Here are three pieces of the best money advice I’ve ever received. They are the things that stand out the most and that I carry with me every day.
#1. Start Saving as Early as Possible.
Arguably the best money advice I ever received is to start saving as early as possible. This means from your very first paycheque at your very first job. And if you haven’t been doing that, then I would encourage you to start with your very next paycheque.
Because the power of compound interest means that starting to save early can be even more powerful than saving more money and for a longer period of time.
Check out this example from Windgate Wealth for an illustration that brings this concept to life. It’s WILD.
Worried you don’t have enough to save, so why bother? Even small investments, started early, can add up to huge savings down the road.
#2. Pay Yourself First.
As I’ve mentioned in my post How to Save Money Automatically, On Repeat, this is one of the greatest lessons I learned from The Wealthy Barber. (It’s a must-read for anyone seeking financial freedom, and it was the perfect guidance when starting my first full-time job!)
The concept is that after receiving your paycheque, you should put aside a set amount (the book recommends at least 15%) to go towards your savings. The book shares more details on how to invest this and what to put it towards.
By taking your savings out immediately, you’re making saving money a regular habit. You’re also learning to live on a smaller income.
I’d also encourage you to set up a continuous savings plan and automation to have these funds transferred the day they are paid. This post covers that in more detail.
Looking for a monthly budget that incorporate this concept? Download the FREE Monthly Budget Template in my Resource Library! Get the password when you sign up below.
#3. Take Advantage of Government and Employee Programs.

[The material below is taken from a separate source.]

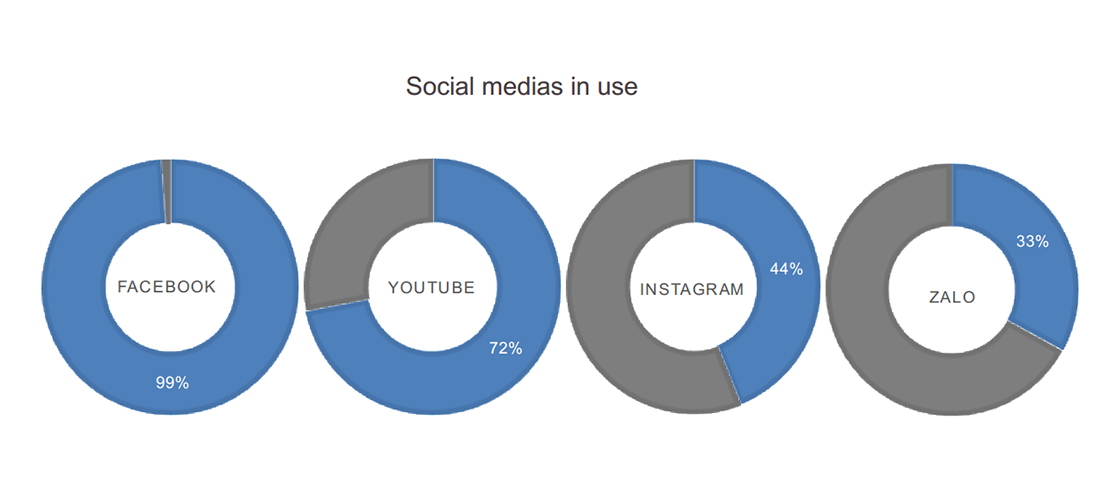 Landscape of digital marketers in Vietnam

Depending on where you live, you may have access to government programs like a Tax-Free Savings Account (TFSA), or a Registered Retirement Savings Plan (RRSP). Since I’m Canadian, I don’t have a ton of knowledge about U.S. or international government programs, but I would encourage you to do some research to find out which ones are available and take full advantage of them.
Depending on where you work, your employer may offer some sort of stock ownership, group RRSP, or similar program. These often involve allocating a percentage of your paycheque to be automatically invested in the program. These funds are taken off the top of your paycheque, so again, you’re paying yourself first and automating the process.
Some employers even offer matching programs. Let’s say, for example, that you contribute 5% of your bi-weekly pay to an employer stock ownership program and your employer matches up to 3%. Every paycheque, you’ll be investing 5% of your income into the program and they’ll be contributing another 3%. Your employer’s contribution is pretty much free money!
Getting our financial lives in order isn’t always glamorous, but it’s one of the best gifts we can give ourselves.